The E22K mutation of myosin RLC that causes familial hypertrophic cardiomyopathy increases calcium sensitivity of force and ATPase in transgenic mice.

Familial hypertrophic cardiomyopathy (FHC) is an autosomal dominant disease caused by mutations in all of the major sarcomeric proteins, including the ventricular myosin regulatory light-chain (RLC). The E22K-RLC mutation has been associated with a rare variant of cardiac hypertrophy defined by mid-left ventricular obstruction due to papillary muscle hypertrophy. This mutation was later found to cause ventricular and septal hypertrophy. We have generated transgenic (Tg) mouse lines of myc-WT (wild type) and myc-E22K mutant of human ventricular RLC and have examined the functional consequences of this FHC mutation in skinned cardiac-muscle preparations. In longitudinal sections of whole mouse hearts stained with hematoxylin and eosin, the E22K-mutant hearts of 13-month-old animals showed signs of inter-ventricular septal hypertrophy and enlarged papillary muscles with no filament disarray. Echo examination did not reveal evidence of cardiac hypertrophy in Tg-E22K mice compared to Tg-WT or Non-Tg hearts.
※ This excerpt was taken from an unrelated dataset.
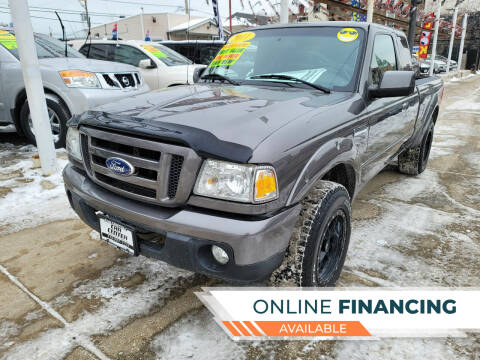 2011 Ford Ranger for sale at CAR CENTER INC in Chicago IL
Physiological studies utilizing skinned cardiac-muscle preparations showed an increase by DeltapCa50>or=0.1 in Ca(2+) sensitivity of myofibrillar ATPase activity and force development in Tg-E22K mice compared with Tg-WT or Non-Tg littermates. Our results suggest that E22K-linked FHC is mediated through Ca(2+)-dependent events. The FHC-mediated structural perturbations in RLC that affect Ca(2+) binding properties of the mutated myocardium are responsible for triggering the abnormal function of the heart that in turn might initiate a hypertrophic process and lead to heart failure.